She said the father-of-three, a native German speaker whose parents fled the Nazis in 1938, refused to complain about his deteriorating health.
Mrs Sachs, also 86, said her husband lost his ability to speak and write during his final few weeks and he was unable to feed himself or eat during his final days.
After Fawlty Towers, Sachs would go on to play Ramsay Clegg in Coronation Street in 2009 - a year after the Sachsgate scandal in which Jonathan Ross and Russell Brand made a prank call to the actor on the radio about his granddaughter. But he slipped from public life as his illness took hold.
Blackadder actor and comedian Sir Tony Robinson paid tribute to his "true friend".
He said on Twitter: "So sad that Andrew Sachs has died. A true friend and a kindred spirit.
"I still have the wonderful baby pictures he took of my children. RIP."
Samuel West, whose mother Prunella Scales starred alongside Sachs in Fawlty Towers, added: "Creator of one of our most beloved EU migrants. Such warmth and wit; impossible to think of him without smiling."
Director of BBC content, Charlotte Moore, also paid tribute to the "wonderful actor".
She added: "He will be fondly remembered for his many appearances across television and radio, not least for making the nation laugh in the classic role of Manuel.
"He entertained millions across a brilliant career and will be greatly missed."
Sachs' son, John Sachs, said as his father battled with vascular dementia he was shown Fawlty Towers but did not recognise the hit comedy.
He told the BBC's Today programme: "Vascular dementia is a terrible thing for an actor because you lose your voice, you lose movement and they even tried playing Fawlty Towers to him but he didn't even recognise it, so it is a terrible change."
The younger Sachs also revealed his father used Manuel's moustache to hide behind.
"I think he stuck that big moustache on because he didn't want to be recognised.
"(He) tried to make it even bigger but John wouldn't have it. I think he would have whole big furry thing across his face.

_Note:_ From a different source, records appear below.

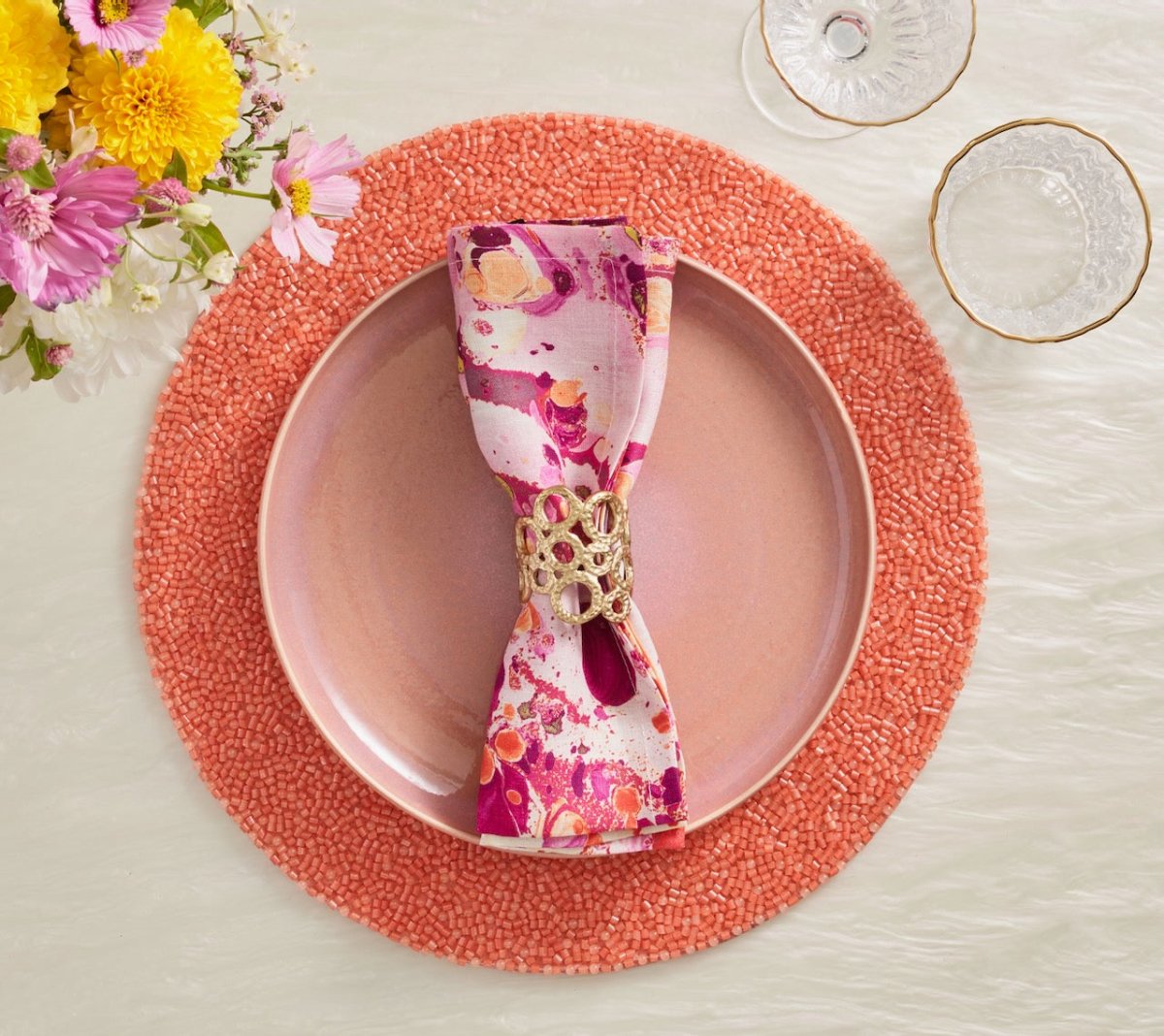 Coral Placemat - Perennial Coral Placemats Set of 4 - Kim Seybert at Fig Linens and Home 5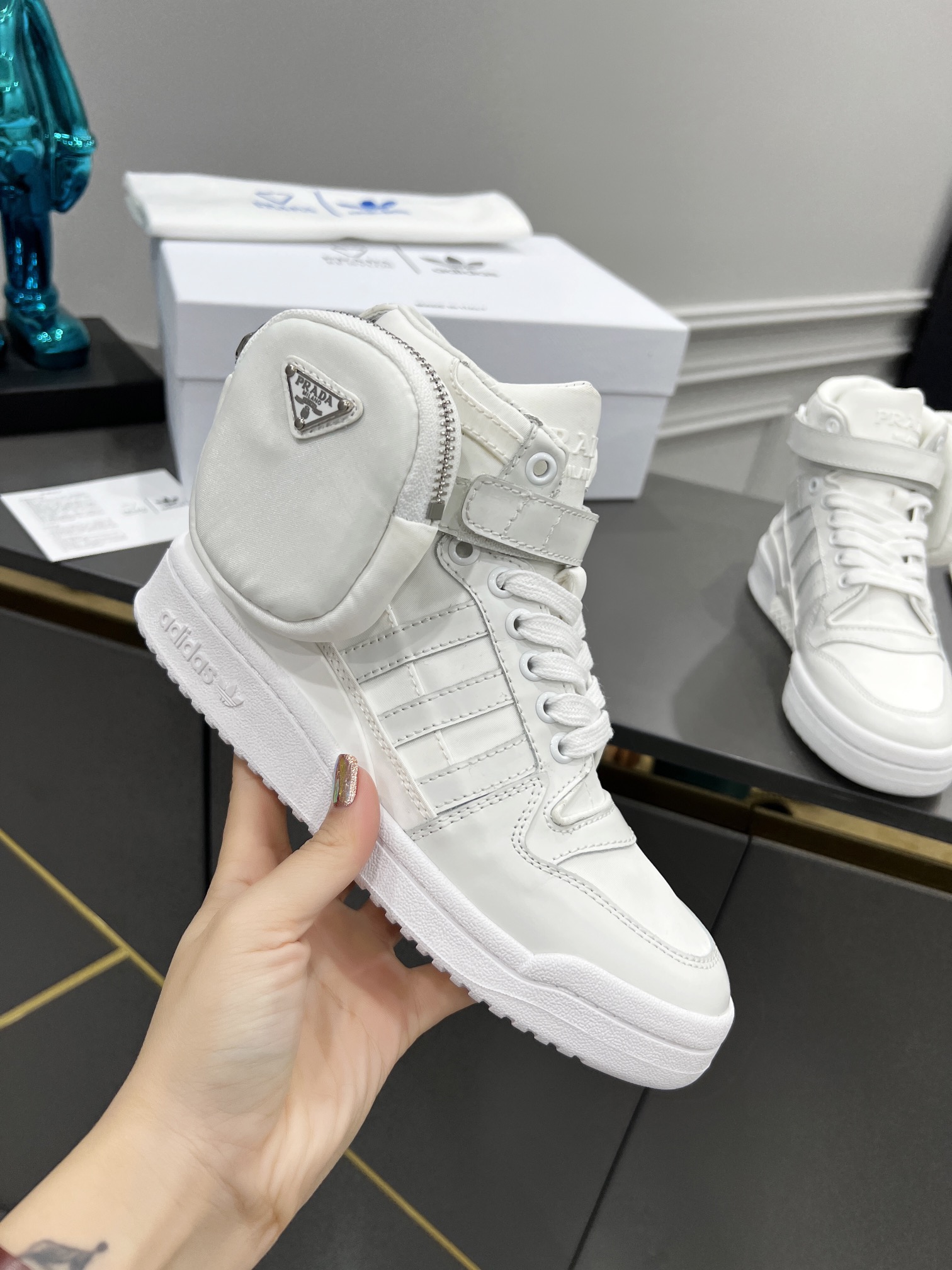 Prada Adidas For Prada Re-Nylon Forum High Top Sneakers White For Women 1.6in/40mm PRD 2TG193_3LJX_F01CD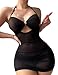 ADOME Lingerie for Women Sexy Chain Sheer Mesh Ruched Bodycon Mini Lingerie Dress with Thong 2 Piece Outfits Black L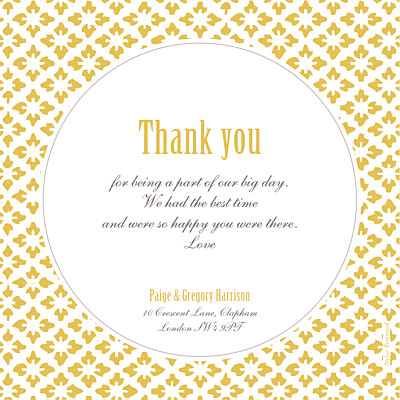Wedding Thank You Cards Radiance yellow finition Wedding Thank You Cards Radiance yellow finition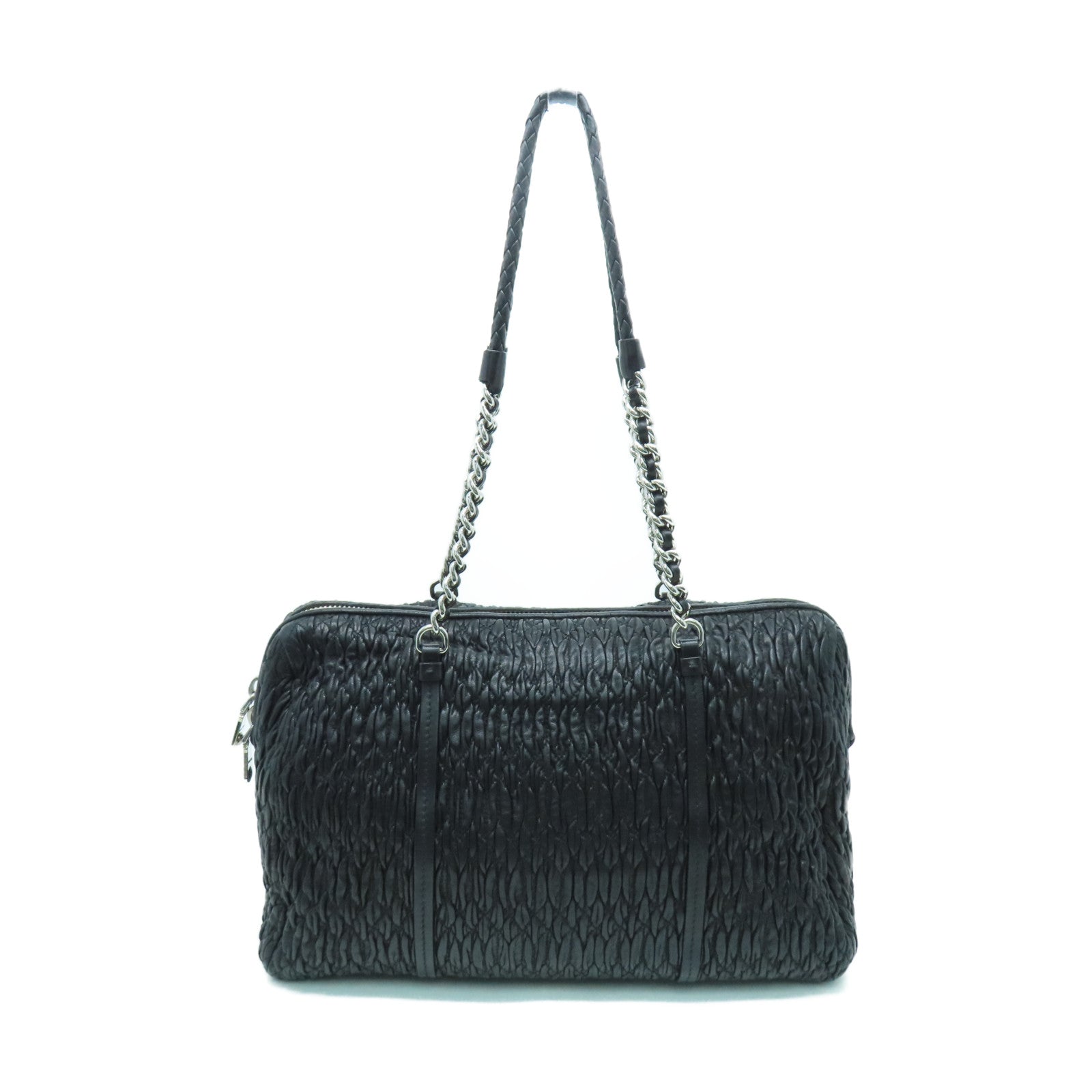 Miu Miu 羊皮皮革Chain Shoulder Bag银扣链带肩背袋黑色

"Honestly he didn't seek the limelight at all, just enjoyed the craft."
Asked if Sachs considered the role as the standout of his career, his son said: "I don't think he ever thought that as anything particular special. I guess we did.
"He wasn't even sure if John had written him into the next series because it was a two-part so that's how much regard he had for it really but of course he loved doing it and liked the royalties.
"He brought a certain subtlety to it."
Fawlty Towers actress Connie Booth, who played waitress and hotel maid Polly Sherman, paid tribute to Sachs saying he " spoke to the world with his body as well as his mangled English."
She said: "It made him a universally beloved figure. It was a privilege and an education to work with him."